Antara    •    Kamis, 01 Feb 2018 14:22 WIB
klb difteri
45.018 Anak di Madiun bakal Divaksin Difteri
Seorang anak mendapatkan suntikan Td (Tetanus-difteri) di SD Islam Terpadu Malang, Jawa Timur - ANT/Ari Bowo Sucipto

Madiun: Sebanyak 45.018 anak di Kota Madiun akan divaksin difteri guna mencegah tertularnya penyakit yang bisa menyebabkan kematian tersebut. Pemberian vaksin akan dilakukan serentak melalui gerakan 'Outbreak Respons Immunization' (ORI).

"Usia 1-19 tahun yang akan diimunisasi," kata Kepala Dinas Kesehatan dan Keluarga Berencana Kota Madiun Agung Sulistya Wardani, Kamis, 1 Februari 2018.

Dari data sebanyak 45.018 anak tersebut, 9.598 anak di antaranya berusia 1-5 tahun, 4.959 anak berusia 5-7 tahun, dan 30.461 anak berusia 7-19 tahun.

Mereka yang diimunisasi karena dinilai kekebalan tubuhnya masih lemah terhadap toksin difteri yang dibawa oleh bakteri difteri. Selain itu, pemberian vaksin difteri secara serentak ini juga menindaklanjuti Pemprov Jatim yang telah menyatakan wabah difteri sebagai KLB atau kejadian luar biasa di wilayah Madiun.
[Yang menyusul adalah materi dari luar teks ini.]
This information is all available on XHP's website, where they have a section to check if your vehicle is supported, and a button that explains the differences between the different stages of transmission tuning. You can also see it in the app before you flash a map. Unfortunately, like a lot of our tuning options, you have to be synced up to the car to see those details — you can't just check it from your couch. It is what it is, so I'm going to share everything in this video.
Sesuai rencana imunisasi serentak ini akan dilaksanakan dalam tiga tahap, yaitu pada bulan Februari yang dimulai Senin 5 Februari mendatang, kemudian pada Juli, dan terakhir pada November atau Desember 2018.
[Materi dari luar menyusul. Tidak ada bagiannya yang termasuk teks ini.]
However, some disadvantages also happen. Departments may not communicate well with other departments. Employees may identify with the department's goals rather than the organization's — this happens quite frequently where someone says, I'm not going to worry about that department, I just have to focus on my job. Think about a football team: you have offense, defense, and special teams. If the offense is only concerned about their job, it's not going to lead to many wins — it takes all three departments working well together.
"Imunisasi akan dilaksanakan di puskesmas-puskesmas, posyandu, klinik kesehatan atau pusat pelayanan kesehatan yang lain," kata dia.
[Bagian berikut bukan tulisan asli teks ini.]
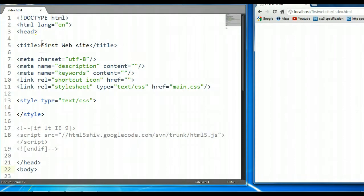Welcome to your 19th CSS and HTML tutorial. In this tutorial, we will be covering the CSS border property. In previous tutorials we covered the CSS border property, however we didn't go in depth into that property, so we will be doing that in this tutorial today.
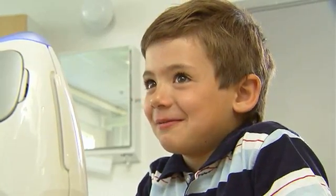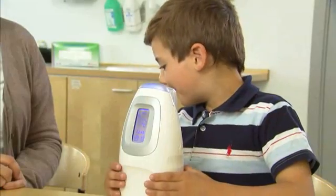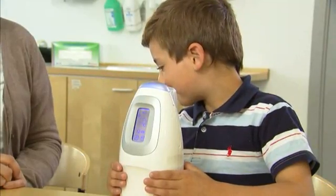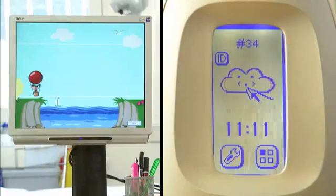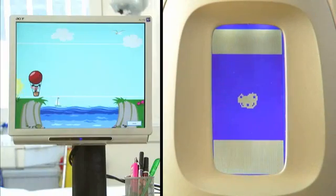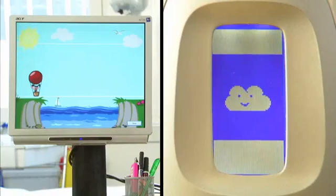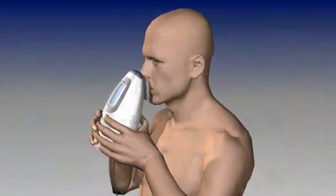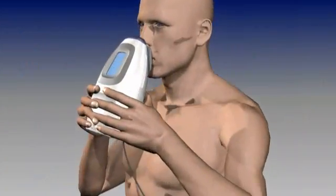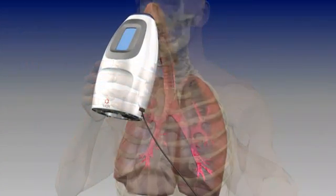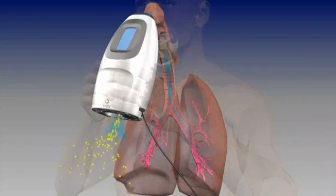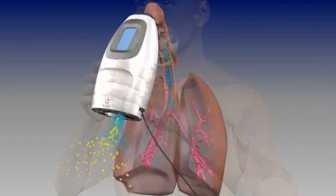total lung capacity. This process effectively cleans the air from ambient nitric oxide that could otherwise interfere with measurement results.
Ia menjelaskan, untuk mengimunisasi 45.018 anak tersebut dibutuhkan 20.490 ampul vaksin, dengan masing-masing tahap sebanyak 6.830 ampul.

Dari 6.830 ampul tiap tahap, terbagi 2.400 ampul untuk jenis vaksin pentavalen yang diberikan pada anak usia 1-5 tahun, lalu 620 ampul untuk jenis DT yang akan disuntikkan pada anak usia 5-7 tahun, dan 3.810 ampul untuk jenis TD yang akan disuntikkan kepada anak usia 7-19 tahun.

Bagi warga di atas usia tersebut yang ingin kebal terhadap bakteri difteri juga bisa mendapatkan imunisasi tersebut, namun harus membeli sendiri karena tidak ditanggung pemerintah. Harganya sekitar Rp400 ribu untuk sekali dosis suntikan atau sekali imunisasi.

"Harganya mahal. Miliaran rupiah nilainya untuk kegiatan ORI. Karena itu harus dimanfaatkan betul oleh seluruh warga. Orang tua dan kepala sekolah diminta bekerja sama dengan mengerahkan anak dan siswa-siswanya untuk diimunisasi," katanya.

Ia menambahkan, penyakit difteri sangat mudah menular. Ada dua cara penularan penyakit ini, yakni melalui percikan ludah dan sentuhan. Karena itu, masyarakat harus menerapkan perilaku hidup bersih dan sehat. Di antaranya tidak meludah sembarangan, rajin cuci tangan, makan makanan bergizi, dan hidup sehat lainnya.